Reach out to your software provider, such as ServiceTitan, and ask them, “What else can I do to implement the automation side? Who on your team can support my team to make these things happen?” Era suggests.
“Because you may be asking somebody on your team to be the champion, and they may not be the right person or have the right skill sets to accomplish what you want to get done,” she adds.
3. Optimize productivity.
Implement training programs and provide resources to help employees become more productive, efficient, and effective in their job functions.
4. Diversify revenue streams.
Explore new markets or product lines that you could add to the mix to increase your profit centers.
5. Streamline your supply-chain management.
Optimize your supply chain by integrating with suppliers, customers, and distributors to reduce waste, lower costs, and improve delivery times.
6. Improve customer retention.
Offer incentives and rewards programs to encourage customers to stick with your business and also refer others, boosting repeated business and reducing acquisition costs.
7. Raise prices.
Pricing is a huge pain point for small businesses, so adjust your pricing according to market demand and the value of the products or services you offer.
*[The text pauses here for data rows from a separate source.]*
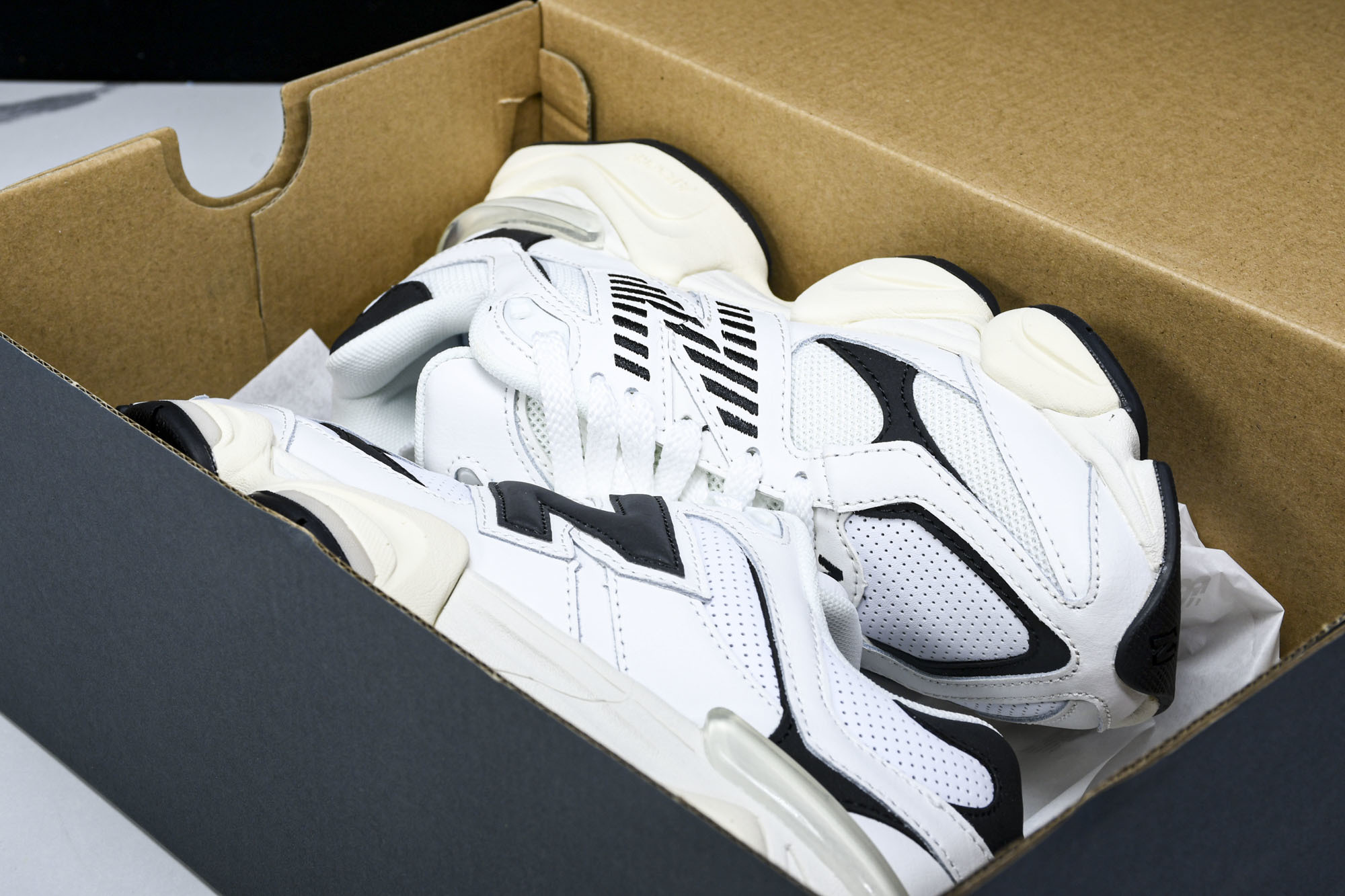 纯原 Joe Freshgoods x New Balance NB9060 复古休闲运动慢跑鞋 白黑色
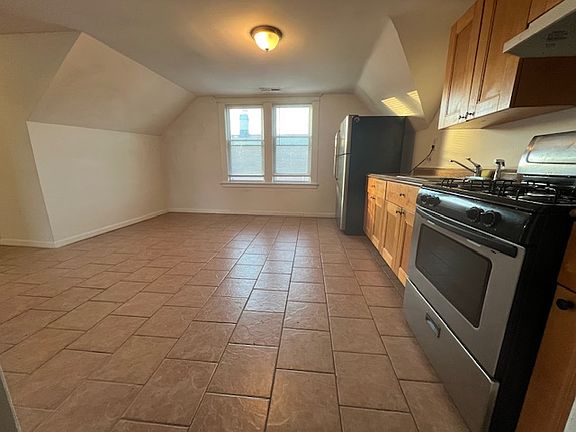 4th image of 28 King St Floor 3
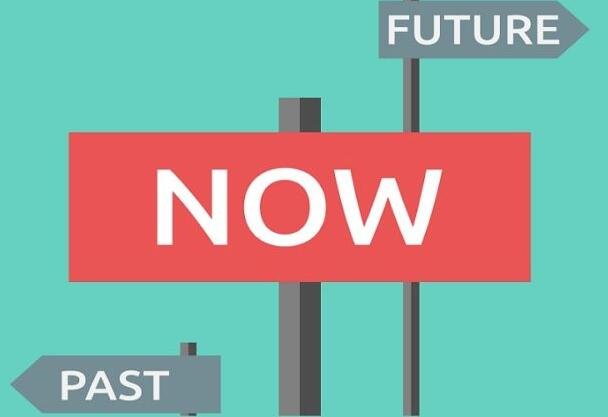 现在进行时英语怎么说？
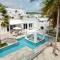 Oceanfront 5-Stars Starfish Villa, Dawn Beach, Private Pool, Secured, Concierge - Oyster Pond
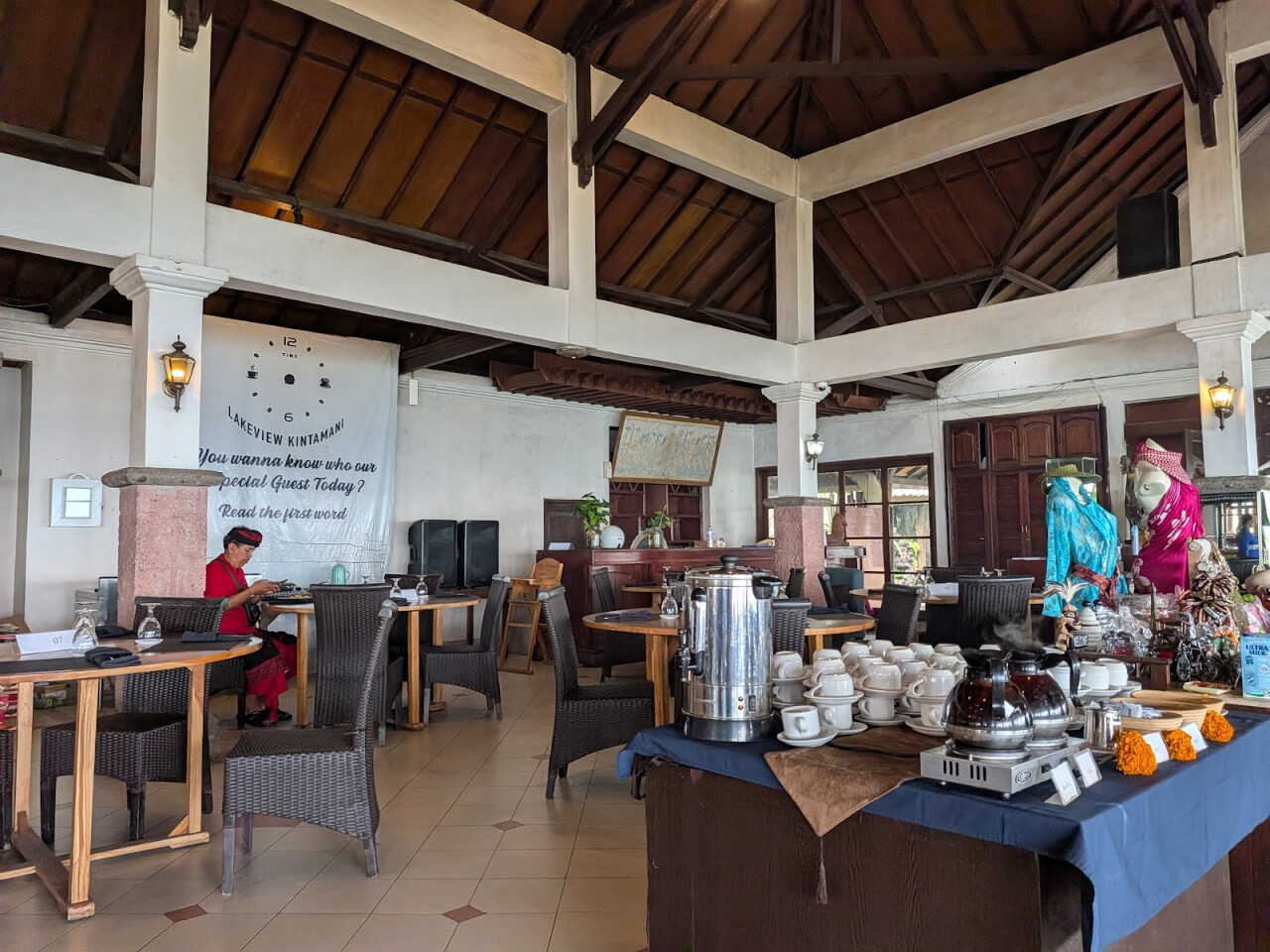 The Lookout Resto & Bar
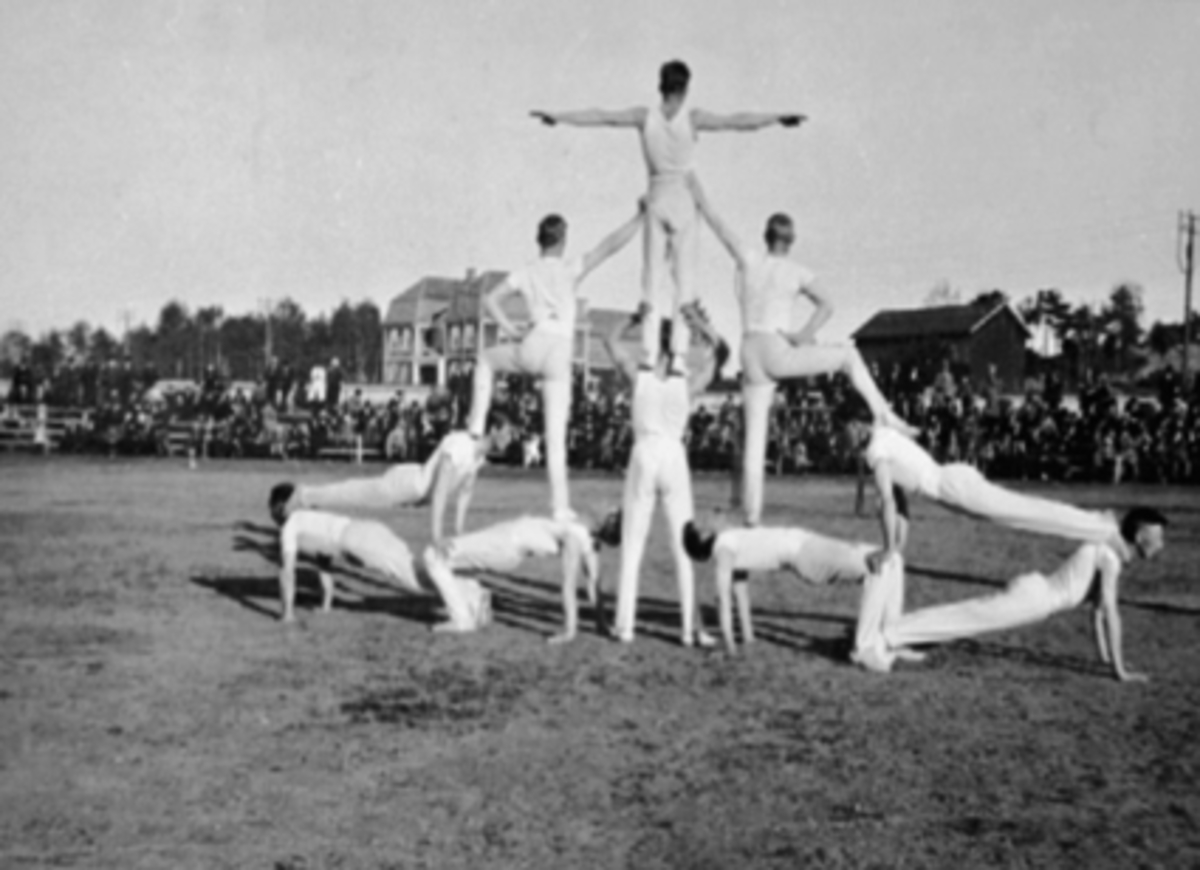 Anno Domkirkeodden, HERRETURNERE, OPPSTILT PYRAMIDE, HAMAR STADION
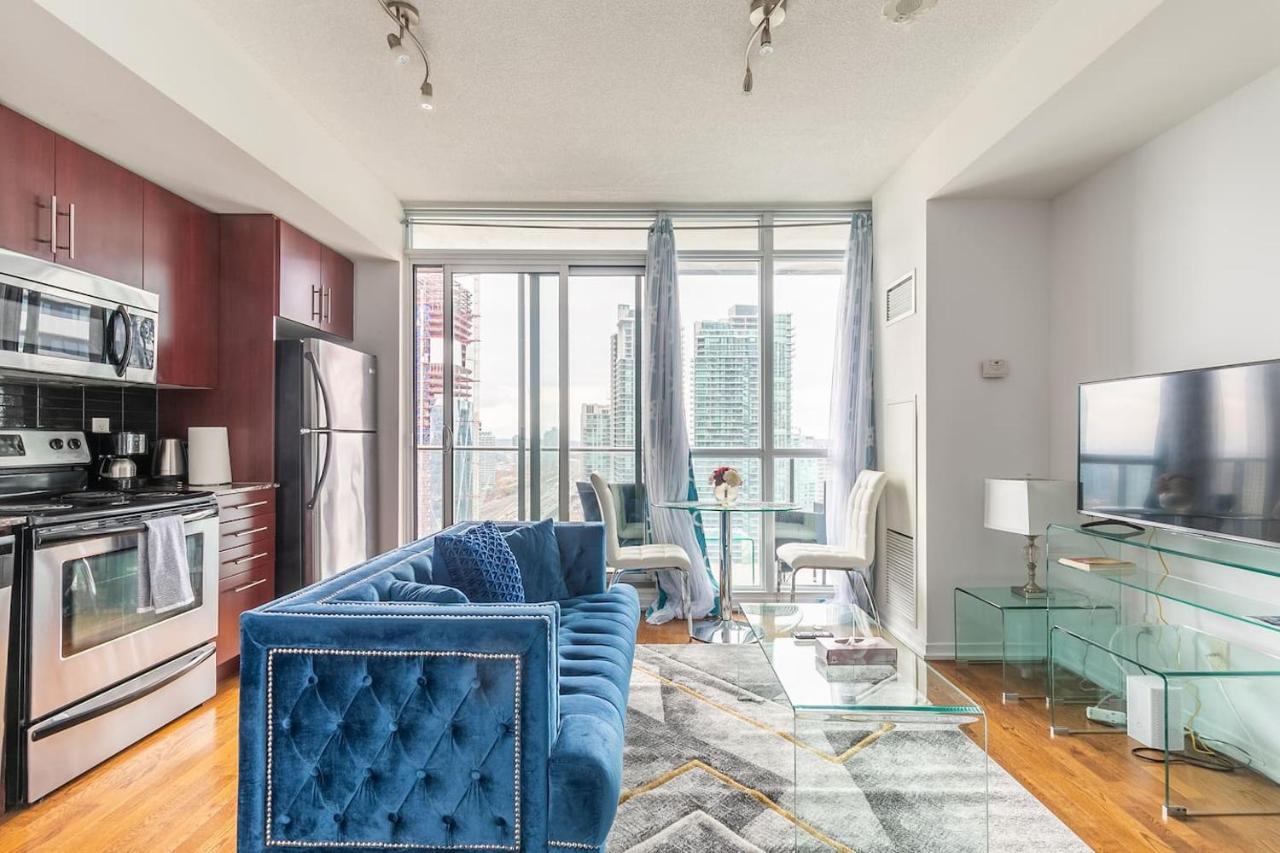 Gorgeous 1Br W/Parking Across The Scotiabank Arena Leilighet Toronto Eksteriør bilde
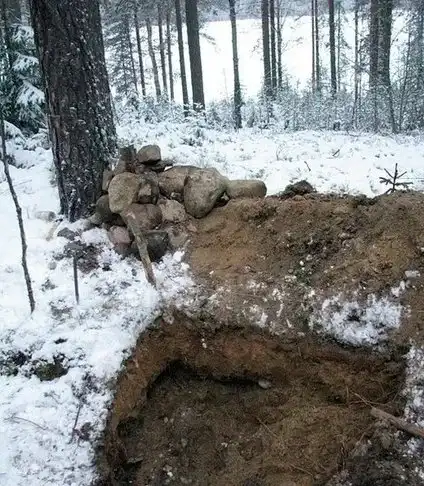 Жена выгнала мужа из дома и он построил себе теплый домик в лесу своими руками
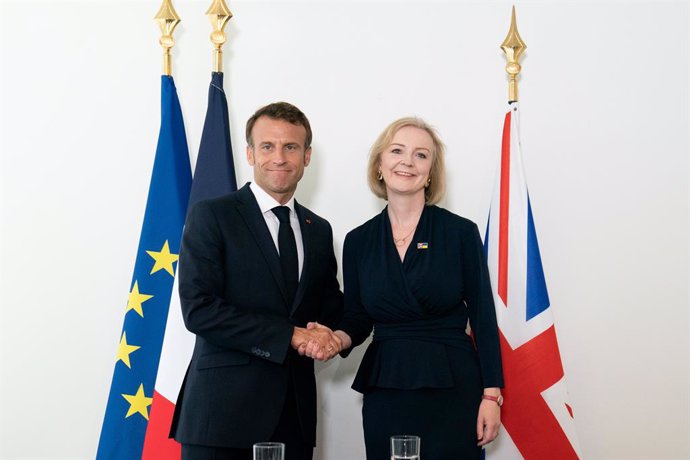 20 September 2022, US, New York: UK Prime Minister Liz Truss (R) meets with French President Emmanuel Macron on the sidelines of the 77th UN General Assembly. Photo: Stefan Rousseau/PA Wire/dpa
Revisit your pricing structure on a regular basis.
8. Explore new technologies.
Stay ahead of the competition by constantly researching and adopting new technologies and innovations that can improve efficiency, reduce costs, and increase profits.
“This could even be fully utilizing the software platforms and technologies that you already have,” Era says. “Even companies that are very successful with this, I have found they only utilize about 80% of what the software offers. Just imagine if you could leverage that other 20%, what it could do for the capacity and overall efficiency in your business.”
How to implement The Pumpkin Plan to find your “sweet spot”
In the book, “The Pumpkin Plan: A Simple Strategy to Grow a Remarkable Business in Any Field,” best-selling author Mike Michalowicz says: “If you want to grow a prize-winning pumpkin, you need to start with a prize-winning seed.”
“The concept is the same for your business,” Era says. “You need an underlying business strategy that has the capacity to grow into an exceptional business. That underlying strategy is your special seed, or the ‘sweet spot’ of your business.”
Symptoms of NOT being in the sweet spot of your business include:
You are doing all the right things, but your marketing is falling on deaf ears
You feel pressure from your customers, prospects, and competitors to lower your prices
You can’t take on any more business because you can’t work any more hours
You are feeling burned out and unsure how to continue to grow
To find your “sweet spot,” there are three key elements that must intersect.
Top customers (ideal customers you want to focus on)
Love what you offer and will buy from you over and over again
Your company loves serving them
What makes your business stand out?
What you sell
How you sell it
How you deliver it
Systems and processes that provide scalability, or the ability to expand and grow
“These three elements must be present and aligned with each other in order to grow your business,” Era says. “If you can find your sweet spot and remain laser-focused on growing it, then you have the seed of a giant pumpkin, or the secret to growing a giant business.”
The Pumpkin Plan technique is a game-changer for most clients, Era says.
“Once they figure out who their best customers are, what they care about the most, and where to find them, they can easily attract them into their business,” she explains.
To determine whether your business is operating in its “sweet spot,” Era and Core Growth Strategies offers a free sweet spot assessment tool.
You’ll answer nine questions in the assessment, and if you rank every question as a “5,” then you’re in it. If your answers are all “1s,” then you have some areas to work on.
“If you're like most businesses, you'll have a mixture of responses and this assessment will show where you are already strong and what areas you will need to focus on improving,” Era says.